South Korea's main financial regulator has affirmed its commitment to the current rule prohibiting financial institutions from introducing cryptocurrency exchange-traded funds (ETFs).
According to local media reports, an official from the Financial Services Commission (FSC) emphasized that the recent approval of spot bitcoin ETFs in the United States does not prompt the South Korean regulator to reconsider or lift the existing ban. The decision is grounded in the regulator's commitment to maintaining market stability and safeguarding investor interests.
Regulatory Landscape in South Korea
South Korea's Capital Markets Act presently confines the range of underlying assets for investment contract securities, including ETFs, to financial investment instruments, currencies, and ordinary commodities.

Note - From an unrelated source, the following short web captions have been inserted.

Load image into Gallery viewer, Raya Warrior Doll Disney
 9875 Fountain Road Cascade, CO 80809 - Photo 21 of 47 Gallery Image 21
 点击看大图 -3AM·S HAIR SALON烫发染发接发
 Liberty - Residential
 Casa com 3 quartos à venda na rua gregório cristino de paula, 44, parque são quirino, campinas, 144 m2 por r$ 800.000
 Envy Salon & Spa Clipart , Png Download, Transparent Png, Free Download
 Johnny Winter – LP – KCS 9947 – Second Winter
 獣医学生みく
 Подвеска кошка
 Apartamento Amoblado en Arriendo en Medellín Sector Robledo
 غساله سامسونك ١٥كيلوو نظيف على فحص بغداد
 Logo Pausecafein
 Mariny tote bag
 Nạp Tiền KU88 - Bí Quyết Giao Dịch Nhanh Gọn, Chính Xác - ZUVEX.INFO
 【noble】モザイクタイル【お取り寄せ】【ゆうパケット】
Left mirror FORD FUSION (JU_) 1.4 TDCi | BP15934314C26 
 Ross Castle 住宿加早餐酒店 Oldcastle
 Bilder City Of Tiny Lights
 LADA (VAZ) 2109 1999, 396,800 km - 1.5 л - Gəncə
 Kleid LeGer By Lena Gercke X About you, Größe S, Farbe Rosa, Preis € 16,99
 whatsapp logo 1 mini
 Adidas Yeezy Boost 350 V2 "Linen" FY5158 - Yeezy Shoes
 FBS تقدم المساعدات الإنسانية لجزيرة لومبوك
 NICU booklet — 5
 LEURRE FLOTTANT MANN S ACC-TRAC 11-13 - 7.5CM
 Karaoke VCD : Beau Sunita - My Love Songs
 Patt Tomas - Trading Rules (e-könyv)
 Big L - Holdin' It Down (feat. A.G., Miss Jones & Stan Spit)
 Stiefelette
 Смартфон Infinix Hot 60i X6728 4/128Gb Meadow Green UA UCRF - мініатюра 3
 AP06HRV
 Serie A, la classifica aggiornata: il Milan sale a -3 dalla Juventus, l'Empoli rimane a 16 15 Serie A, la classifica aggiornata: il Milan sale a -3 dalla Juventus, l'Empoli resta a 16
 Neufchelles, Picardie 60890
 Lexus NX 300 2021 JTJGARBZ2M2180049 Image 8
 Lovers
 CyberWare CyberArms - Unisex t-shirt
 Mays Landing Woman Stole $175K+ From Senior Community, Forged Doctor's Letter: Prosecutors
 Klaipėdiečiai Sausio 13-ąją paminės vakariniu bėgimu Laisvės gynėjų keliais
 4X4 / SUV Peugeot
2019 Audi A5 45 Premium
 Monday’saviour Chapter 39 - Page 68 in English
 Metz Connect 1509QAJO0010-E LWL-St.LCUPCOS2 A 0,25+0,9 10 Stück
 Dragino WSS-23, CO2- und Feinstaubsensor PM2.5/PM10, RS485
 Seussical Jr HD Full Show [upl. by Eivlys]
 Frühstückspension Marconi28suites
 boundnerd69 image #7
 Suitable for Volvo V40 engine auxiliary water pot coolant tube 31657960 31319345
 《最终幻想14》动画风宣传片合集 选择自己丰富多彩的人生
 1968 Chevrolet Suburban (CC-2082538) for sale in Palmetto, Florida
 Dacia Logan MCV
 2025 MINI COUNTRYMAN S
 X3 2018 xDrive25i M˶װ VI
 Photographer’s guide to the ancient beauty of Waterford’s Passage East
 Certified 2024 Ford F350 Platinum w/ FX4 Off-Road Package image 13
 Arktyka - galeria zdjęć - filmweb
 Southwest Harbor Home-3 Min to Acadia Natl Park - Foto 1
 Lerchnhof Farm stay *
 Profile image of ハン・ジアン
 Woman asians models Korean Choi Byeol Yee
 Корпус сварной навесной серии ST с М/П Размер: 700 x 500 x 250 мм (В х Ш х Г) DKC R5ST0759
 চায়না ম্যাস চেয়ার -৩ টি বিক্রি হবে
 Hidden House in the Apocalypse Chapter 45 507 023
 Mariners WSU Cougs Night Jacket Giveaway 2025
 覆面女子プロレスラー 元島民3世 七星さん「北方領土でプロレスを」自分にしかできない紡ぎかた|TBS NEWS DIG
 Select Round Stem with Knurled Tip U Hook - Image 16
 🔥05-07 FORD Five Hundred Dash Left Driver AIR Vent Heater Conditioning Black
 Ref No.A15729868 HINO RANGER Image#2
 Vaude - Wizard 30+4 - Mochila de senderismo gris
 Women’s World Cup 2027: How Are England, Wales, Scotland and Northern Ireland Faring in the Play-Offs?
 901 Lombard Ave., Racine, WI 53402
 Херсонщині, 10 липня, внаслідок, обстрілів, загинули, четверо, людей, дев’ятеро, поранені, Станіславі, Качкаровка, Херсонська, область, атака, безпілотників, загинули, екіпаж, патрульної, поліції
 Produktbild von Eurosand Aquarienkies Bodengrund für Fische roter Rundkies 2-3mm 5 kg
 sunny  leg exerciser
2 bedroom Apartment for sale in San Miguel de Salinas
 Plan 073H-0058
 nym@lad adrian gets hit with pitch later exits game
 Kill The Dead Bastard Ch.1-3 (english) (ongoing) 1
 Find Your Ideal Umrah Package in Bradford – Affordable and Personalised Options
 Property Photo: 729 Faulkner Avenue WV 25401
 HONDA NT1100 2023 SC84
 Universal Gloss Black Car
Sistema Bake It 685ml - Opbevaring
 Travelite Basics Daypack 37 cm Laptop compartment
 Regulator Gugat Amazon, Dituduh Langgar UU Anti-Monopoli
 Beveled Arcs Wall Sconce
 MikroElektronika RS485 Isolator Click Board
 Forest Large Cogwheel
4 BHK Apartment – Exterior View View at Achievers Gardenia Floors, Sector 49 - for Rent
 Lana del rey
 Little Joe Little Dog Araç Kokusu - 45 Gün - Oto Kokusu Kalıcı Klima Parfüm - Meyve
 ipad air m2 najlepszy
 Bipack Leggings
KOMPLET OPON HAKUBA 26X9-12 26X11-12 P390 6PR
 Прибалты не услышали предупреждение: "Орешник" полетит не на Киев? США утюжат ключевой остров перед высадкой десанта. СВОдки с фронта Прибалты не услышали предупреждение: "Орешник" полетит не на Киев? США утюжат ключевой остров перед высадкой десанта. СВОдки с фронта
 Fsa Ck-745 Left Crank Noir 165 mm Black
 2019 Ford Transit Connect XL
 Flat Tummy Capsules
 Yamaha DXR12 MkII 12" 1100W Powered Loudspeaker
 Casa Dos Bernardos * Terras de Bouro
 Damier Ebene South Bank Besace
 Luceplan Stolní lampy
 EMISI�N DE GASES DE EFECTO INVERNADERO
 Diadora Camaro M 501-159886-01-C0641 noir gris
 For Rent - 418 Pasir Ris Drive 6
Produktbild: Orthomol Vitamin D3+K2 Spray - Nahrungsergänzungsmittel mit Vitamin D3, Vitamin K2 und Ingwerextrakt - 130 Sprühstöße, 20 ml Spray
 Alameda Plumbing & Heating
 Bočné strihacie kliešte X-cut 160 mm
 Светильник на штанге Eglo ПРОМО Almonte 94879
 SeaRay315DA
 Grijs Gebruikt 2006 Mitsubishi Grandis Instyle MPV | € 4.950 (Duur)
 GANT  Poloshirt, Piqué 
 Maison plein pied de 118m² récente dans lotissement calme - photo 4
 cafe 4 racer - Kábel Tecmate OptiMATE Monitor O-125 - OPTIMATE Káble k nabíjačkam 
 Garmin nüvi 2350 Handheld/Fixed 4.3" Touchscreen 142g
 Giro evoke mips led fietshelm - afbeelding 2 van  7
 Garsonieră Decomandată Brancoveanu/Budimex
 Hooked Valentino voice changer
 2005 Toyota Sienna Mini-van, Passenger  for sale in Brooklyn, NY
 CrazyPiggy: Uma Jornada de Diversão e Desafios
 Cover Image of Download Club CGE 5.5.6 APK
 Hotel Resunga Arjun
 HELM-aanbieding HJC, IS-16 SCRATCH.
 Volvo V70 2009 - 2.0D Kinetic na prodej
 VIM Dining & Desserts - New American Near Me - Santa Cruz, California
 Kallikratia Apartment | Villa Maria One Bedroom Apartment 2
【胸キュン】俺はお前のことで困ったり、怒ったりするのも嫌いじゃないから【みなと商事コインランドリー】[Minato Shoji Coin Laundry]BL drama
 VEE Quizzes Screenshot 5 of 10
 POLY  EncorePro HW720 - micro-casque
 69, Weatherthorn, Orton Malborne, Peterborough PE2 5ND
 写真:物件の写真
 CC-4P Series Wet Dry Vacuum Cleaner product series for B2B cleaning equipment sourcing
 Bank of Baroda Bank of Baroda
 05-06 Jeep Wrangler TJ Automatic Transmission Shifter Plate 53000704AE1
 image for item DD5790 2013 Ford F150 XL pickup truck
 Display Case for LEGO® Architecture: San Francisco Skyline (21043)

According to The Block, this framework excludes cryptocurrencies, as South Korea does not recognize them as financial assets. The country has barred financial institutions from investing in crypto since 2017.
Evolution of Crypto Regulations in South Korea
South Korea is in the process of crafting a two-part regulatory framework for cryptocurrencies. The initial part, passed last year, is slated to take effect in July 2024. This legislation represents the first step in establishing a comprehensive regulatory environment for cryptocurrencies. The second part aims to delineate clear rules governing the issuance, listing, and delisting of cryptocurrencies.
Despite inquiries, the FSC has not yet responded to requests for comments on the matter, leaving the industry awaiting further insights into the regulatory stance in South Korea.
According to Watcher Guru, market participants remain vigilant for updates and clarifications as South Korea navigates the evolving landscape of crypto regulations. The commitment to a phased regulatory approach reflects the authorities' cautious approach to ensure effective oversight of the cryptocurrency sector while addressing emerging challenges and opportunities.